I have started a five set series of posts on being tagged by my beautiful and very talented wife, Archana, to write picture posts. This series is about the 5 spiritual places that I would like to visit with Archana. This is the second one on Chidambaram Temple in Tamil Nadu.
Once upon a time, on the Eastern coast of Tamil Nadu there was a dense and almost impenetrable forest of Thillai trees. This forest had a beautiful lotus pond and at its southern end under a banyan tree was a Swayambhu Lingam, a lingam that formed on its own without any handiwork of humans. Two of the greatest Yogis to have walked the planet – Vyagrapada and Patanjali – came to this place. Both established their hermitage in this forest, Patanjali at Ananteeswaram and Vyaghrapada at Tirupuleeswaram in Chidambaram.
They both did their Sadhana for witnessing Shiva in his dancing glory. It is said that the local guardian deity – Kalki Devi – interfered with their Sadhana. The lore has it that Shiva challenged Kalki to a dance contest because of this. In what followed – the Urdhva Tandavam – Shiva lost his earrings. He not only retrieved them but didn’t let anyone know of the fact that he had lost them and then retrieved them too. Shiva eventually defeated Kalki. After defeating Kalki, on a Thursday in the Tamil month of Tai, when the moon was in Pushan, Shiva performed the Ananda Tandavam or the Dance of Bliss – in front of the two Sages, several other Rishis and the local Goddess Shivakama Sundari.

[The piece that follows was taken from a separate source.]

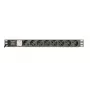 Strāvas sadalītājs GEMBIRD EG-PDU-014-C14, 8 AC kontaktligzdas, C14 ieeja, 3 m kabelis, 1U, 3680 W, 10 A, alumīnijs, melns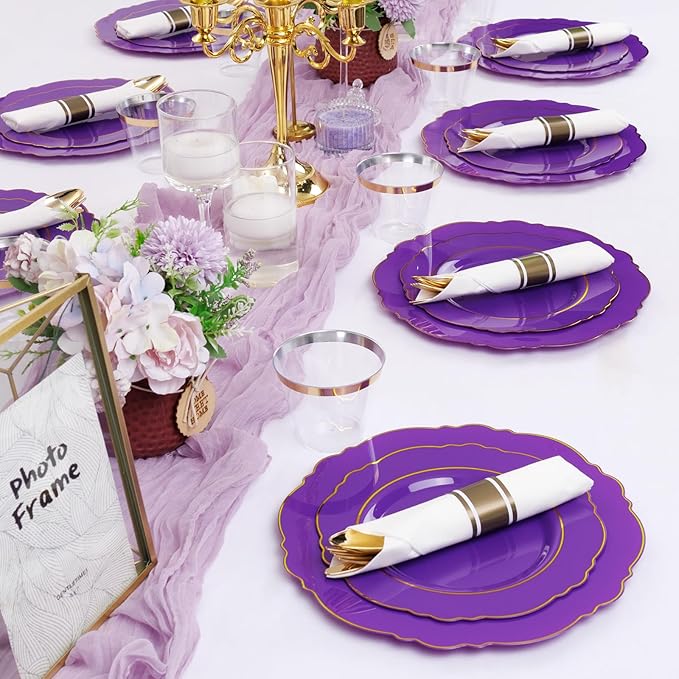 Liacere 350PCS Purple Plastic Plates-Disposable Purple and Gold Plates 50 guest Baroque Plastic Dinnerware include 100Plates,50Pack Pre Rolled Napkins with Silverware 50Cups for Halloween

It is also said that Nandi, Shiva’s carrier did not allow Patanjali to witness Shiva. In order to tease Nandi while praising Shiva, Patanjali then wrote an impromptu poem without using any extended (Dirgha) syllables, or in other words without Charana and Shringa i.e. leg and horn! Shiva gave him a darshan and danced to the tune of Patanjali’s song.
Spiritual Significance of the Chidambaram Temple
The temple has been consecrated by Sage Patanjali. Why is that important? Because Patanjali was no ordinary being. As Sadhguru explains:
Patanjali is known as the “Father of Modern Yoga.” He did not invent yoga. Yoga was already there in various forms, which he assimilated into a system. The Yoga Sutras were written by him. If you look at Patanjali, as an enlightened being he can’t be more enlightened than someone else. There is no such thing. Realization is realization. But Patanjali as a man and above all as an intellect, the breadth of his understanding of life is so big that you cannot believe that this is possible in one human being. He is absolutely incredible and almost “not human.”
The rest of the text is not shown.